◆ **WHAT YOU NEED TO DO**:
Wherever the word "American" appears in a line of the data, that line should be copied.

◆ **Short web captions**:
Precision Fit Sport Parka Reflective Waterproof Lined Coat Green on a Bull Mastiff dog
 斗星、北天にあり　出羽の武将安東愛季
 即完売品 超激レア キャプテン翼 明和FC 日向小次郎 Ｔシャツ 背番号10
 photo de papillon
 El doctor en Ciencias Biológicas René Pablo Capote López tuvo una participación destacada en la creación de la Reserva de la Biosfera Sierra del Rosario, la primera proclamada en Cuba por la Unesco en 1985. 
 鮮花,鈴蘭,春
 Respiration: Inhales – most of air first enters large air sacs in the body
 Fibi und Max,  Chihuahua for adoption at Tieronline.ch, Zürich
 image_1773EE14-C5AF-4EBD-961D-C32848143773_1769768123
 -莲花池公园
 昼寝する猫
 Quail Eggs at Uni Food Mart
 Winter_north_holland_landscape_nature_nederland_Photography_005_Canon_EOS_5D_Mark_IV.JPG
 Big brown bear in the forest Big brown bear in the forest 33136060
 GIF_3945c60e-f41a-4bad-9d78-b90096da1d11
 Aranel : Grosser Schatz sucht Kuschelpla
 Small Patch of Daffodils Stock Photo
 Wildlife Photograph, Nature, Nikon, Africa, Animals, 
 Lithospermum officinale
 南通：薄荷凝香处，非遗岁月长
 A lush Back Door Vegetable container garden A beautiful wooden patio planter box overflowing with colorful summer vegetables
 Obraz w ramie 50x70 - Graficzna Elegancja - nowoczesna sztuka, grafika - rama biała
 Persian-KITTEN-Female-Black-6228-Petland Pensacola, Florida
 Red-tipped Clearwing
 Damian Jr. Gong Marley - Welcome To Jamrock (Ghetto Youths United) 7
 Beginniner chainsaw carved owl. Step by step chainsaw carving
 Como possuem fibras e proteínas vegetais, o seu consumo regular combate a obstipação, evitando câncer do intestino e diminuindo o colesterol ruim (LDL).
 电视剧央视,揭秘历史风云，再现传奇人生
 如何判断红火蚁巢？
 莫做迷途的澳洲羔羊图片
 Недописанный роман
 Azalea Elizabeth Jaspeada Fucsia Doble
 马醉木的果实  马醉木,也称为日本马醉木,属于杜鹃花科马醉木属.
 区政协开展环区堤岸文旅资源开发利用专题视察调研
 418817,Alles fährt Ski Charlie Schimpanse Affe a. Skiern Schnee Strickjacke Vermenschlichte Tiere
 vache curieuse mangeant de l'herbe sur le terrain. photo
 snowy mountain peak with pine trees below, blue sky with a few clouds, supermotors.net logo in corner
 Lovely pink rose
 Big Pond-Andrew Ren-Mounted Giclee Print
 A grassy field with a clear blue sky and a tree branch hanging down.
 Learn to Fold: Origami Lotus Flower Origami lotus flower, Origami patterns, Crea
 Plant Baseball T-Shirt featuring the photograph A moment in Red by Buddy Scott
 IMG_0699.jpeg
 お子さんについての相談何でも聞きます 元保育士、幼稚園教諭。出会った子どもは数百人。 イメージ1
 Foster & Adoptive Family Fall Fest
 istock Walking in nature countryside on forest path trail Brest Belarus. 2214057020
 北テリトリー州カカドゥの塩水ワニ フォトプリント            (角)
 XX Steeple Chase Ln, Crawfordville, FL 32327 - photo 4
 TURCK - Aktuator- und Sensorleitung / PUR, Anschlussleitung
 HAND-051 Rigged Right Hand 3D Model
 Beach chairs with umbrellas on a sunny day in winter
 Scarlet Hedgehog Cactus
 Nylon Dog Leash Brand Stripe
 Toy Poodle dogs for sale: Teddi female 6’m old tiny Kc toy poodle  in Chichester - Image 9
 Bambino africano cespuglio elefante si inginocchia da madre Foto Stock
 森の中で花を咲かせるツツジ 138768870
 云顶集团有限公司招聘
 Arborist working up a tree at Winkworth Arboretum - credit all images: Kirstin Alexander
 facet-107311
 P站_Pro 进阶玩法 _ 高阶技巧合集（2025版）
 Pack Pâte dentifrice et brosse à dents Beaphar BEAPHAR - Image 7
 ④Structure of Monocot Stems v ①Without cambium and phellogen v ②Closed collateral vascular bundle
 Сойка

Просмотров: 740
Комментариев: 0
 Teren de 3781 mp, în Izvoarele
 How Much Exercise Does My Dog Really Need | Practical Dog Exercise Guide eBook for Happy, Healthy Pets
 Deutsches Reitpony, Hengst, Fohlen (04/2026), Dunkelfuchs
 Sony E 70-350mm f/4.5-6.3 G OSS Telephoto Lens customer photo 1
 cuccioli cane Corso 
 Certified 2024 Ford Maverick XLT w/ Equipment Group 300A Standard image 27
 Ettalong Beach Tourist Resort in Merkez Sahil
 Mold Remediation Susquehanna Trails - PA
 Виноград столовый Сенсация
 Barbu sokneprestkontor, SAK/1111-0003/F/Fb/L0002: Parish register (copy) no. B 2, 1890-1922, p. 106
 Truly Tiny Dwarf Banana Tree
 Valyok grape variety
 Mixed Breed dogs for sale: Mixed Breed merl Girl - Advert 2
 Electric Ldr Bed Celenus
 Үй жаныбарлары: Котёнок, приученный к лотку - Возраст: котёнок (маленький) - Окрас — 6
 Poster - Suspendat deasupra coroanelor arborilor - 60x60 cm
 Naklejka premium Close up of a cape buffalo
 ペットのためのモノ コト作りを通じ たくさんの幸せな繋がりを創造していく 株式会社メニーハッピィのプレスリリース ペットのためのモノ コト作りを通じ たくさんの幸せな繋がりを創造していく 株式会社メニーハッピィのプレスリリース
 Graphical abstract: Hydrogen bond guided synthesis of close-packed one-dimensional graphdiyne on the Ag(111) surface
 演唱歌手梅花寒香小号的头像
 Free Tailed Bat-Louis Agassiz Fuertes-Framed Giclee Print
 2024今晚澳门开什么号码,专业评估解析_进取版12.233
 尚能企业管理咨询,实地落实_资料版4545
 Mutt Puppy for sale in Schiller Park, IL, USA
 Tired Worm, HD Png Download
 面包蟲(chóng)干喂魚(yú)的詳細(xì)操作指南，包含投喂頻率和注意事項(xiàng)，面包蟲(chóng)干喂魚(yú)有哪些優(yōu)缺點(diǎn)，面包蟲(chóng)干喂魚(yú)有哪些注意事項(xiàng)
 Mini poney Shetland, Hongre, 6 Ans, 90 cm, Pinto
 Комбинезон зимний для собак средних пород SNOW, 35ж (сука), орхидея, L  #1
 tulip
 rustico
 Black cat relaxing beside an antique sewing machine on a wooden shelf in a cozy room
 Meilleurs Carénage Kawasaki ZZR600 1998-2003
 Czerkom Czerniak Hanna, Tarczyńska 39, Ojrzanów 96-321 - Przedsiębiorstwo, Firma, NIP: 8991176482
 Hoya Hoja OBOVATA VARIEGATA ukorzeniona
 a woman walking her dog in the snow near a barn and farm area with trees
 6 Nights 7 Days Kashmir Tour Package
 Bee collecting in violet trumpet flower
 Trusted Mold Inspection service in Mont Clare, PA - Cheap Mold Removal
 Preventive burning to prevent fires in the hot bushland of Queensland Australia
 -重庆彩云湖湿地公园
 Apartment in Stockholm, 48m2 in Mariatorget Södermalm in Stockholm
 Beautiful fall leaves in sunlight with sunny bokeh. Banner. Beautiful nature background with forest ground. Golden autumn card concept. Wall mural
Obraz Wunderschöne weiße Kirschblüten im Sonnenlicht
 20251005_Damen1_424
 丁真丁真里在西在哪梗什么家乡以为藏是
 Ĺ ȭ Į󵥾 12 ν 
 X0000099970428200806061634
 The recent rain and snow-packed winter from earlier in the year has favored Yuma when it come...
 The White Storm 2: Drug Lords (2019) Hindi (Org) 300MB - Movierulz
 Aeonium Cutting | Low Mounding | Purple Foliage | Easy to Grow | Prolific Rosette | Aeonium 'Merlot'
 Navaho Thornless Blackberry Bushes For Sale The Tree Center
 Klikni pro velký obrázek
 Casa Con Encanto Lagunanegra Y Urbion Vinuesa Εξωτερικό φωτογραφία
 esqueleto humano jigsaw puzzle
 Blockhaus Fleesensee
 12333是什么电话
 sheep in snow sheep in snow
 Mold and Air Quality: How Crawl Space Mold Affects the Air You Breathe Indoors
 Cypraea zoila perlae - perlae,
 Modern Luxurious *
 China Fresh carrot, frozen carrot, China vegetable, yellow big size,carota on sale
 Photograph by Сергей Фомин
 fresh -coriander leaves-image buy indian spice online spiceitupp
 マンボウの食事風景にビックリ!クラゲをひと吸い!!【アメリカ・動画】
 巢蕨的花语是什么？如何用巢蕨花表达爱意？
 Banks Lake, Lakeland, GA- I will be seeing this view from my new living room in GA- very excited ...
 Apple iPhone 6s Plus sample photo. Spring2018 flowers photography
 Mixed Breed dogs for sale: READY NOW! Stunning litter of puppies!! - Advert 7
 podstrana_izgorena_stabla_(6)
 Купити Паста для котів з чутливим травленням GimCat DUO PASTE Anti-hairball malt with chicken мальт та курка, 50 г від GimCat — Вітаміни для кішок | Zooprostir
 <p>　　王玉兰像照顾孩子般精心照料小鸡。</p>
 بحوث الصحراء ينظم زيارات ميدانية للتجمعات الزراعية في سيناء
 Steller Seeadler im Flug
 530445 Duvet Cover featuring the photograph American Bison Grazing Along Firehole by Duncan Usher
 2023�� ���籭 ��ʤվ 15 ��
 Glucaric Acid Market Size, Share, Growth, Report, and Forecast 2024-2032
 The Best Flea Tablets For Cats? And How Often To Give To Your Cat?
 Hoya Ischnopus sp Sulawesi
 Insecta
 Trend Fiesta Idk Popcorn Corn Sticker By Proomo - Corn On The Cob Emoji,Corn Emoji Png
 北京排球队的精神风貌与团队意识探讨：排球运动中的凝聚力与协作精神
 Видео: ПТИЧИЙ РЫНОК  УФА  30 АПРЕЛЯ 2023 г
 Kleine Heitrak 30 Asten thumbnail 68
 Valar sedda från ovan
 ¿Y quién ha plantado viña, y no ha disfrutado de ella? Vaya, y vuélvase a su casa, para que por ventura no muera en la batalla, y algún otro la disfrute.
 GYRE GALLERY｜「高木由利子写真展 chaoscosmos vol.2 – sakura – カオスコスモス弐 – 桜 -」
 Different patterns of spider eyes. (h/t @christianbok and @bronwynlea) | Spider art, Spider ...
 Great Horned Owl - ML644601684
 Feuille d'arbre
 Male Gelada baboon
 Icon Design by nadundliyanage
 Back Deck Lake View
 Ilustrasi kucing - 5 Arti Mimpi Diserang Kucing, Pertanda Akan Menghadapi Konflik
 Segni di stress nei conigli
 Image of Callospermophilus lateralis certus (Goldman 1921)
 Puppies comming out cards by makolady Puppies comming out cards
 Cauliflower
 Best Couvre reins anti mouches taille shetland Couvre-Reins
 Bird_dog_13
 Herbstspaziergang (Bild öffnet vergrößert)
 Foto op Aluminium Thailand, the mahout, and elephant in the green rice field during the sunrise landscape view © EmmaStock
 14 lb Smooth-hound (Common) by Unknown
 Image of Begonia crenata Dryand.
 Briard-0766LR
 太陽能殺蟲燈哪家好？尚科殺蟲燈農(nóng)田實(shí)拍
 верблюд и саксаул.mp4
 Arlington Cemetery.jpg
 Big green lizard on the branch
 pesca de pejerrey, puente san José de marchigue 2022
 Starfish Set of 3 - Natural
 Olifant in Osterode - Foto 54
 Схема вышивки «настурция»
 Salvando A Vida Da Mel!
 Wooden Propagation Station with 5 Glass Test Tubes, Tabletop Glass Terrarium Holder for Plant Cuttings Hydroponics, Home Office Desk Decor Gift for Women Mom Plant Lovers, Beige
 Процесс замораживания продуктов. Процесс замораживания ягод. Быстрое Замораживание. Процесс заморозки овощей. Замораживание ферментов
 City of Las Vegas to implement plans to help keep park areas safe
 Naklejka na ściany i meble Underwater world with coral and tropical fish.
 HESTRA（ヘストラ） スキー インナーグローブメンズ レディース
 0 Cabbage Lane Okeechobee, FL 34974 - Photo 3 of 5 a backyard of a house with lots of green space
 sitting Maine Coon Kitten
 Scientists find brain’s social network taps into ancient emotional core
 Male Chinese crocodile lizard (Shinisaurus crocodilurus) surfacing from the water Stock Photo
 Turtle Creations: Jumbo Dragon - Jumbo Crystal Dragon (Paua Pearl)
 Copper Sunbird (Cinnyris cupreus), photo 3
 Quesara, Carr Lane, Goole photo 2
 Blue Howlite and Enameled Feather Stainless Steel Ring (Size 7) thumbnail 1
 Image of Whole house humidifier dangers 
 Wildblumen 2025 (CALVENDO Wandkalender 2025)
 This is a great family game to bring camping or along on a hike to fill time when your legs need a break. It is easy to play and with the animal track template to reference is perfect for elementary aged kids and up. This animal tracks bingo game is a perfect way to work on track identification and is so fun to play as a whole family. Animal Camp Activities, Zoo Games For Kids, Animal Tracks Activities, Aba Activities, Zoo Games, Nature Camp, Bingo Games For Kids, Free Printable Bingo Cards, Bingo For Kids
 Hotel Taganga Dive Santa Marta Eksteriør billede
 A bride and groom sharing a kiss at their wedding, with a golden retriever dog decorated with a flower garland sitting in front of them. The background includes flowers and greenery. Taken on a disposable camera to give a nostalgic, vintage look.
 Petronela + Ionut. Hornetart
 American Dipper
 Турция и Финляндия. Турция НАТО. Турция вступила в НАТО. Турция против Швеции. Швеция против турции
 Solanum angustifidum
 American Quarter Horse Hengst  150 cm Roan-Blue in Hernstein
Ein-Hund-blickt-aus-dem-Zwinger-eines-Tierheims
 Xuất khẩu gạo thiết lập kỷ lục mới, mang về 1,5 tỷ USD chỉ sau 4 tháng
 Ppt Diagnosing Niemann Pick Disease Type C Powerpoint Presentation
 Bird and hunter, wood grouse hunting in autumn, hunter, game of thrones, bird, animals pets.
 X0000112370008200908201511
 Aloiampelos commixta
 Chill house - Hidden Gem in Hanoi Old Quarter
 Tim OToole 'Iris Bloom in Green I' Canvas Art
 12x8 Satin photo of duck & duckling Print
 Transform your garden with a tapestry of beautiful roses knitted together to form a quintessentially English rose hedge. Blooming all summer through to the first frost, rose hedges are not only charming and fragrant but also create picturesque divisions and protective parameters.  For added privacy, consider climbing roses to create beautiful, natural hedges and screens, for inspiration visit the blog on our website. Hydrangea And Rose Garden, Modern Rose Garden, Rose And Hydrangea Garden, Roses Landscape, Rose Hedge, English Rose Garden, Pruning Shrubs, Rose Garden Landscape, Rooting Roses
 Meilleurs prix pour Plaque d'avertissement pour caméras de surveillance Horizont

◆ **EXERCISE RESULT**:
 530445 Duvet Cover featuring the photograph American Bison Grazing Along Firehole by Duncan Usher
 American Dipper
 American Quarter Horse Hengst  150 cm Roan-Blue in Hernstein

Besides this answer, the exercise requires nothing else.